[LU-7459] Incorrect file count with lfs quota Created: 21/Nov/15 Updated: 21/Jul/17 Resolved: 21/Jul/17 |
|
| Status: | Resolved |
| Project: | Lustre |
| Component/s: | None |
| Affects Version/s: | Lustre 2.5.4 |
| Fix Version/s: | None |
| Type: | Bug | Priority: | Minor |
| Reporter: | Joe Mervini | Assignee: | Niu Yawei (Inactive) |
| Resolution: | Incomplete | Votes: | 0 |
| Labels: | None | ||
| Environment: |
Toss 2.3-4/2.4-2 |
||
| Attachments: |
|
||||||||
| Issue Links: |
|
||||||||
| Epic/Theme: | Quota | ||||||||
| Severity: | 3 | ||||||||
| Rank (Obsolete): | 9223372036854775807 | ||||||||
| Description |
|
We have a process that periodically does a lfs quota throughout the day to monitor the usage on our file system. Recently we have started observing that while the usage numbers are being reported, the number of files that are reported for a given user went from a given number (e.g., 100,000 files) to 0 or 1. This has persisted through system reboots and a OS/Lustre update. Once the given user's file count is reported as 0 or 1 it never changes. However checking the quota for the user's GID will generate a file count. Anecdotally, it appears that only users that are affected are those that have files that have mixed user and group IDs. All the normal checks have been performed (i.e., consistency of UID/GID in the password files between the file servers and clients, checking the MDT for ownership, checking file count with ls -l, etc.). It almost appears that an error condition is being flagged that needs to be cleared. |
| Comments |
| Comment by Peter Jones [ 21/Nov/15 ] |
|
Niu Could you please advise Thanks Peter PS/ It was great to see you in person this week Joe! |
| Comment by Niu Yawei (Inactive) [ 23/Nov/15 ] |
Could you give an example to illustrate such situation? I don't quite understand "mixed user and group IDs" Could you pick a problematic user and post the output of "lfs quota -u $UID -v $mount" here? And please check the numbers for this user in the "/proc/fs/lustre/osd-ldiskfs/$fsname-MDT0000/quota_slave/acct_user". Thanks. |
| Comment by Joe Mervini [ 23/Nov/15 ] |
|
Here's a sample of the user's top level directory (I've X'ed out most of the file/dir names): total 266 Here is the output from the MDS: [root@fmds1 quota_slave]# grep -A1 21371 acct_user
I was going to get a word count on files in the directory using find on the UID but there were a sufficient number of files that after more than 1.5 hours it was still working and I terminated the process. I am also attaching the output from the lfs quota command as you requested. |
| Comment by Niu Yawei (Inactive) [ 24/Nov/15 ] |
|
Looks the inode accounting on backend fs is broken somehow, I have no idea why it's broken so far, but I think a quotacheck may fix it. (disable then re-enable quota feature on MDT device by tune2fs, it requires MDT offline)
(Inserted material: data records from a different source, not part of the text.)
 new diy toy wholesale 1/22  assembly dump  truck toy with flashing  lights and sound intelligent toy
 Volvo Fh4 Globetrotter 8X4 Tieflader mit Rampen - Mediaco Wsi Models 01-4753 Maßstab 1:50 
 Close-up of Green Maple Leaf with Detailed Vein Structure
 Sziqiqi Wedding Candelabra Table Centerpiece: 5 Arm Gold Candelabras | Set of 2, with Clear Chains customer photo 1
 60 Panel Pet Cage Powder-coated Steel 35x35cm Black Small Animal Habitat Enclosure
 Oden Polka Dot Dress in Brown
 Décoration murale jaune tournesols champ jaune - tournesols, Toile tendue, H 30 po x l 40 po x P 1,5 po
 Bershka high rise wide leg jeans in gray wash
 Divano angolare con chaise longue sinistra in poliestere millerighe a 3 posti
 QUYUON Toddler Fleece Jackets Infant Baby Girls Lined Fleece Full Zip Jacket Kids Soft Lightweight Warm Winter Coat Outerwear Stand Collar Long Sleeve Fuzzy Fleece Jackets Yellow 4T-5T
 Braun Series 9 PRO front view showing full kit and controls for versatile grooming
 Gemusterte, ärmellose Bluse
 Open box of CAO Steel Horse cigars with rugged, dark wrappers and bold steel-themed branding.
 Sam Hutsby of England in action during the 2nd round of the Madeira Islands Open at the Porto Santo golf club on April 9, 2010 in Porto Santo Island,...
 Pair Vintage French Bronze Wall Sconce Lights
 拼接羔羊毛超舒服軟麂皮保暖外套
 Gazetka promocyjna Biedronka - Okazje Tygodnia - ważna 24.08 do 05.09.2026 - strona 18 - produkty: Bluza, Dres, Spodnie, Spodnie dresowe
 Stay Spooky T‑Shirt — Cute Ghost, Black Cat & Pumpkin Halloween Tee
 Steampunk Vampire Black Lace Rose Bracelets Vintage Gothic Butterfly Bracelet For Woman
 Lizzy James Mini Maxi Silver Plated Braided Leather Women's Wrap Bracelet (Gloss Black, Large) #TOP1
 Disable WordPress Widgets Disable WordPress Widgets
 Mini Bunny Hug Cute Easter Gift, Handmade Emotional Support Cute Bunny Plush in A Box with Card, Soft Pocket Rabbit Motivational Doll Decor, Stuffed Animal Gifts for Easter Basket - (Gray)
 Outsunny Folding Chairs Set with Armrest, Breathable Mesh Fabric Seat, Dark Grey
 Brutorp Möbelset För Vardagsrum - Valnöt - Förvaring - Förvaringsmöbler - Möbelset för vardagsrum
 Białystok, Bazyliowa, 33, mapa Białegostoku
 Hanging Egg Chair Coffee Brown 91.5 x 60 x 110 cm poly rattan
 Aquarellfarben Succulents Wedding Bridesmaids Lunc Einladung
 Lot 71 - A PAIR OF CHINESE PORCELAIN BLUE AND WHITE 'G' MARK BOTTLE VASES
Could you elaborate on this? What do you mean "checking the quota for the user's GID"? |
| Comment by Joe Mervini [ 24/Nov/15 ] |
|
That is correct. When I run lfs quota - g <GID> -v <file system> I do get results for whatever GID exists in the directory that is having problems with the UID. So in the example of the top level directory above I get the following outputs: (Note that in our environment by default we assign the same value to both UID and GID for our users.)
And once again for illustration:
We have an scheduled outage that might permit us to do a quota check coming up the 2nd week of December. |
| Comment by Joe Mervini [ 30/Nov/15 ] |
|
Just so I'm clear, what is the process for disabling and re-enabling quotas on the newer (>2.4.0) lustre releases. The only references that I find in the manual for using tunefs.lustre is for enabling quotas after upgrading for a version of lustre older than 2.4. I'm guessing there's a --noquota parameter or something similar but there is no procedure defined. I don't know whether it's just a matter of running the tunefs.lustre back to back or if a mount is required so if you can provide that detail I'd appreciate it. |
| Comment by Niu Yawei (Inactive) [ 01/Dec/15 ] |
|
The instructions of enable/disable quota is described in manual "21.2.1. Enabling Disk Quotas (Lustre Software Release 2.4 and later)": lctl conf_param fsname.quota.ost|mdt=u|g|ug|none Using tunefs.lustre (or tune2fs) is to disable/enable quota feature on the device, which is used to enable quota accounting on backend fs. |
| Comment by Joe Mervini [ 01/Dec/15 ] |
|
Oh - sorry, I misread your comment above regarding tune2fs. I get that now. My question is: Is a mount required between the time you set mdt=none and when you set it back to mdt=ug? And when it is switched back on can I simply bring lustre back up and whatever process takes place is done in the background? |
| Comment by Niu Yawei (Inactive) [ 02/Dec/15 ] |
|
No, enabling/disabling quota by "lctl conf_param" doesn't require umount/mount, but it do need some small amount of time to let the MGS spread the new configuration onto all servers. (It's same as other parameter settings done by "lctl conf_param"), you can verify if the new configuration is taking effect by checking the proc files on each server targets. (see the quota_slave.info) |
| Comment by Niu Yawei (Inactive) [ 17/Jul/17 ] |
|
Joe, is it fixed by enabling/disabling quota feature? |
| Comment by Peter Jones [ 21/Jul/17 ] |
|
It does not seem as if this remains a concern |